Task to carry out – In the listing below, find the line with "Snapshot of gato- chatting" and the line with "3 bedroom semi-detached", then return them and every line between them exactly, minus the pictures.

Records supplied –
——

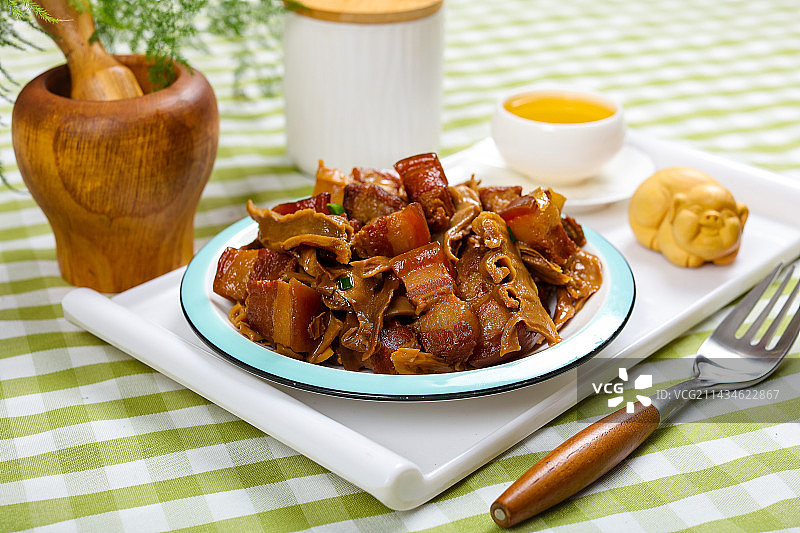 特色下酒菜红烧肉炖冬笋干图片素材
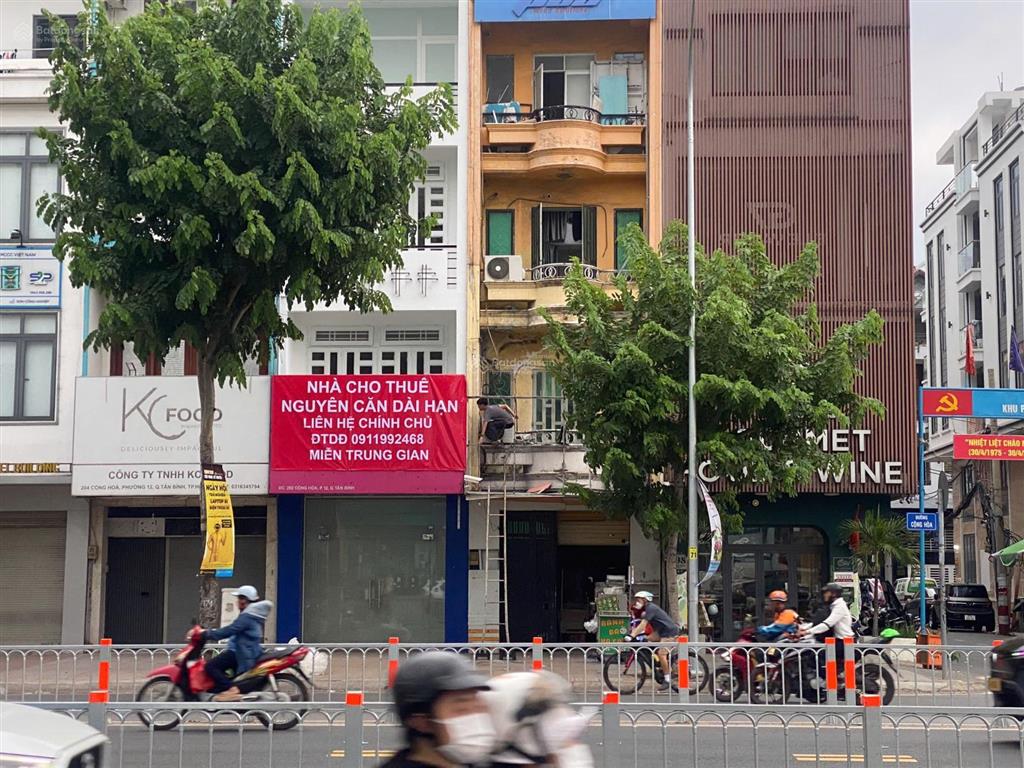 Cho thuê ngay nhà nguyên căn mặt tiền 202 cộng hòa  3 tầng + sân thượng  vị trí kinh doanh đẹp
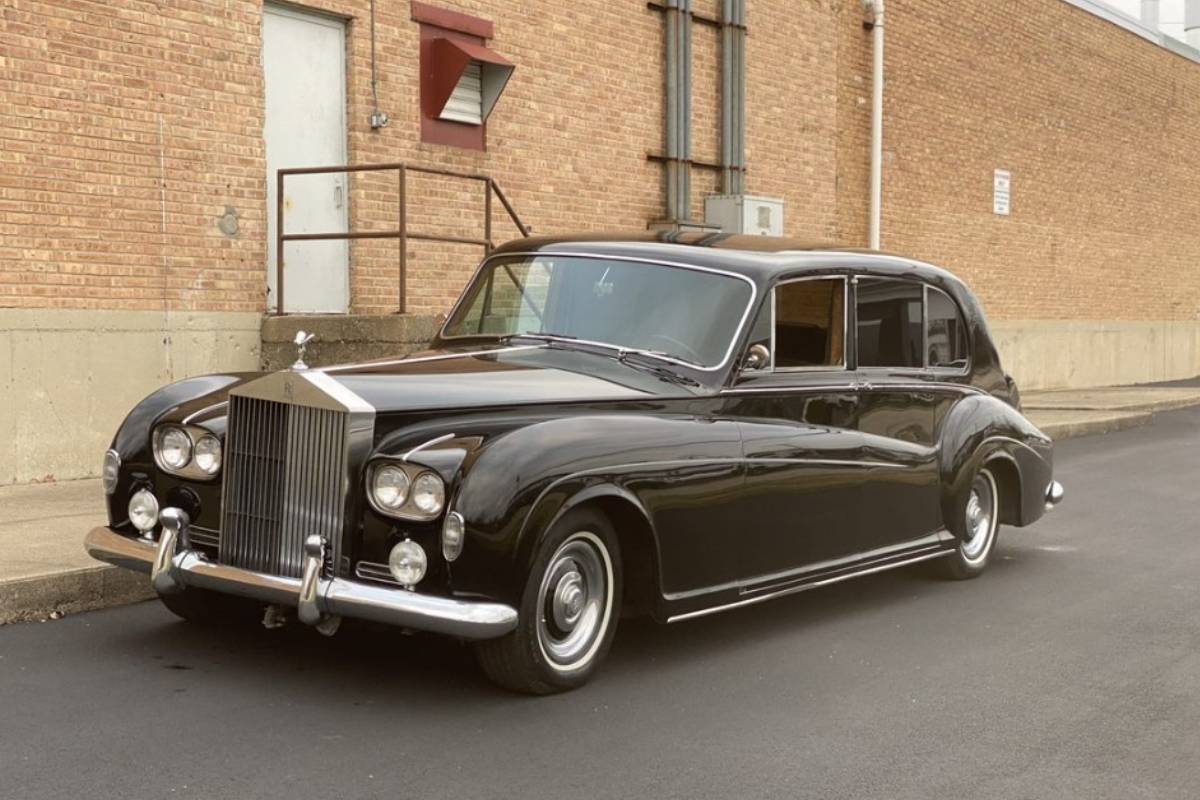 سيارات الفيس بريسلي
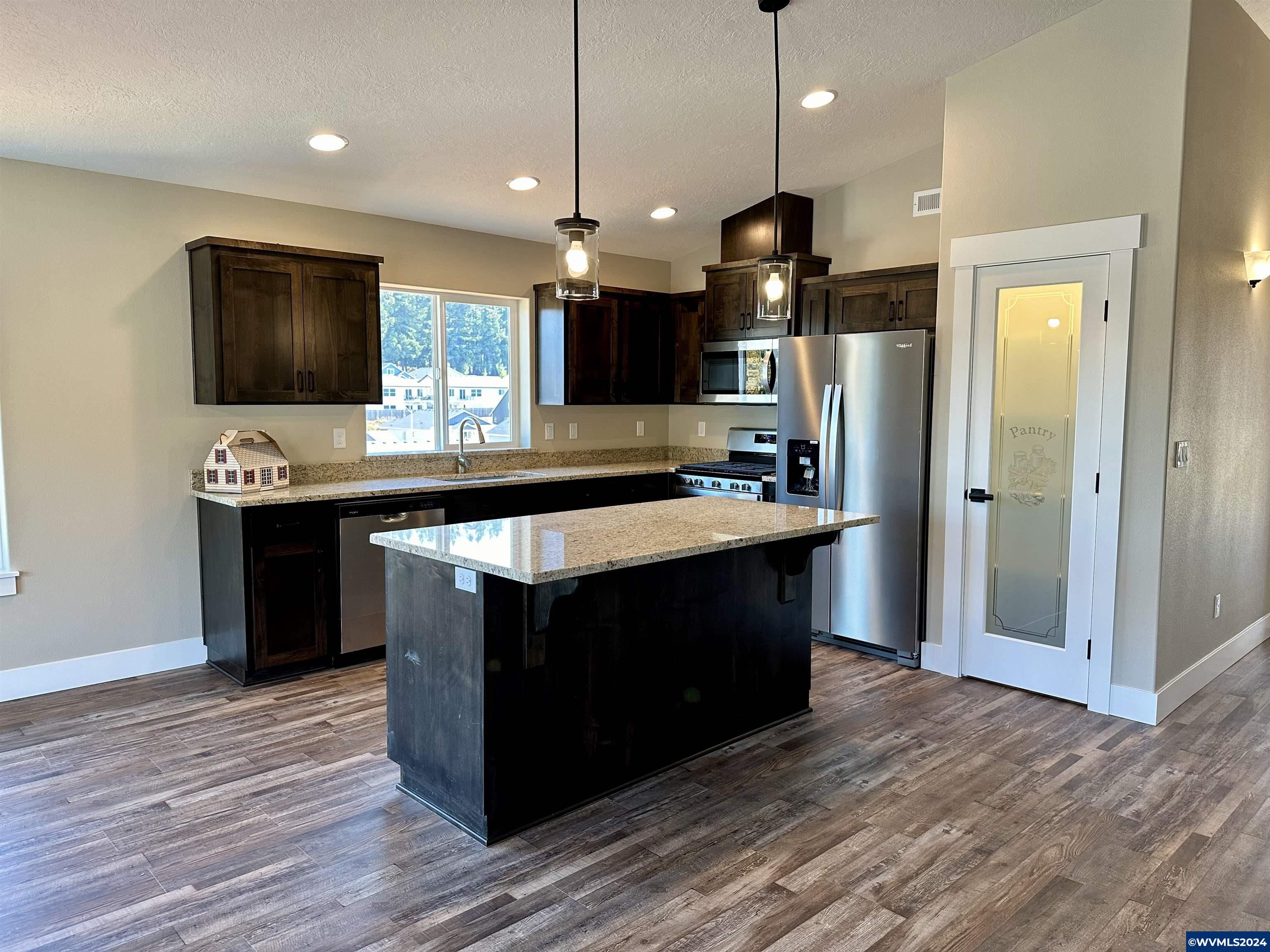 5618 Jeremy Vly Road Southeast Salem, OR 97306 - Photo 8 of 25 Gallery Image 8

——

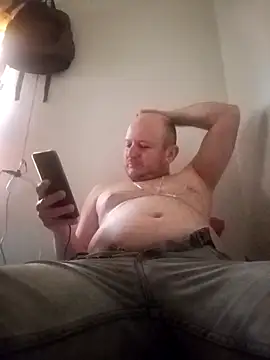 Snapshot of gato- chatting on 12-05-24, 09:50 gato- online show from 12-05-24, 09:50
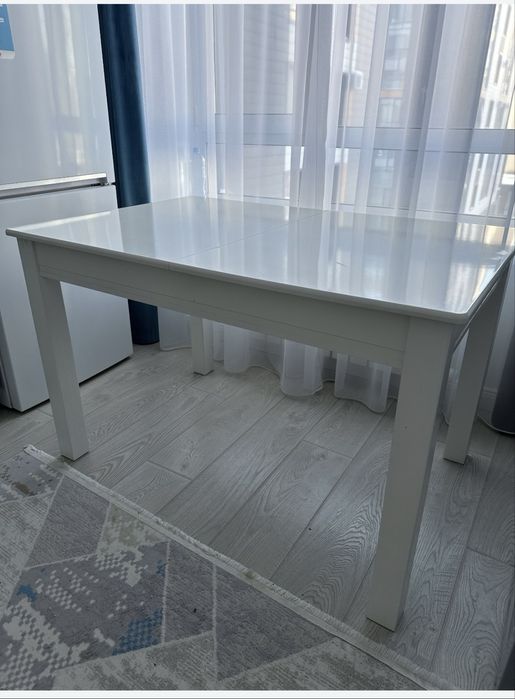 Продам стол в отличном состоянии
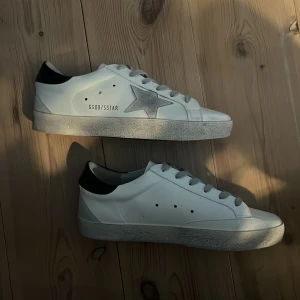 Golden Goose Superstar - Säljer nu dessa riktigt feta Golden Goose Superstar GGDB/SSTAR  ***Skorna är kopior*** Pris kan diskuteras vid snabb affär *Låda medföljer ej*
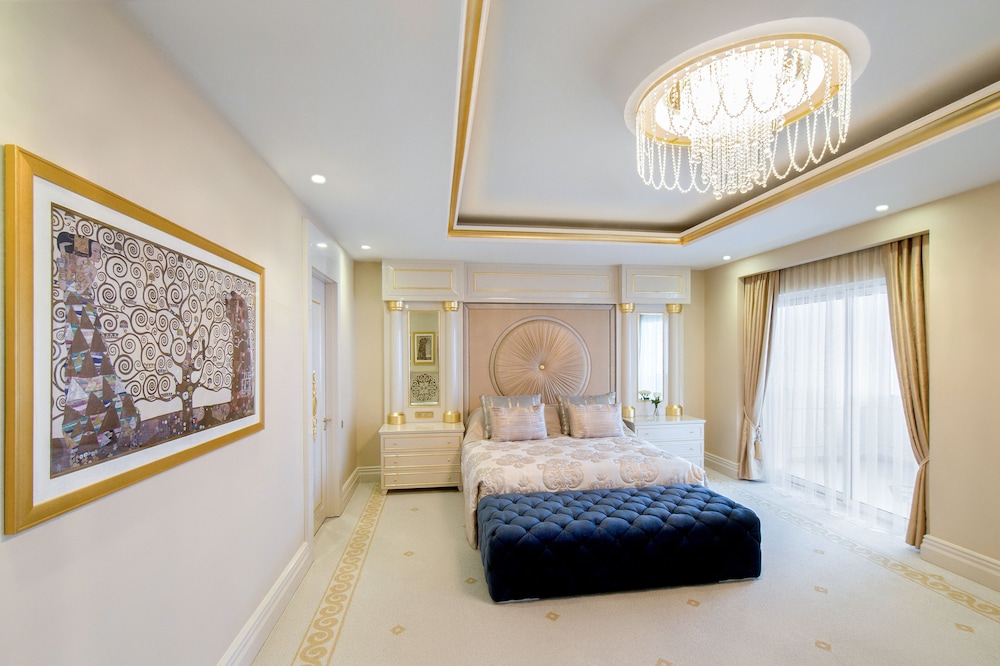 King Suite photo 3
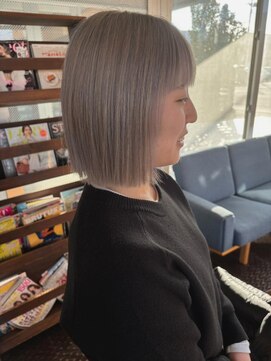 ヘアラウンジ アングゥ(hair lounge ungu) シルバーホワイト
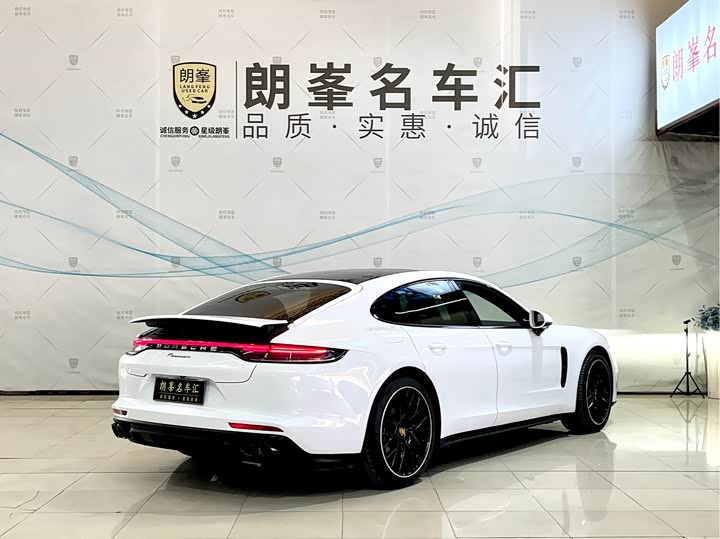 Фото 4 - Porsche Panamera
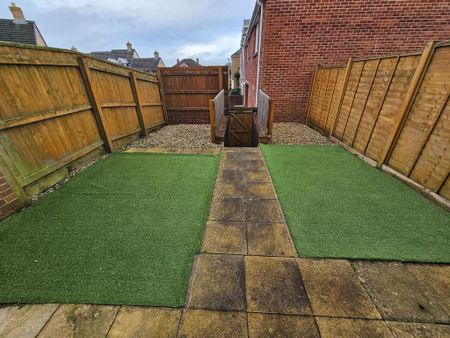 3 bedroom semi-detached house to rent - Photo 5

——

Response to this exercise –
 Snapshot of gato- chatting on 12-05-24, 09:50 gato- online show from 12-05-24, 09:50
 Продам стол в отличном состоянии
 Golden Goose Superstar - Säljer nu dessa riktigt feta Golden Goose Superstar GGDB/SSTAR  ***Skorna är kopior*** Pris kan diskuteras vid snabb affär *Låda medföljer ej*
 King Suite photo 3
 ヘアラウンジ アングゥ(hair lounge ungu) シルバーホワイト
 Фото 4 - Porsche Panamera
 3 bedroom semi-detached house to rent - Photo 5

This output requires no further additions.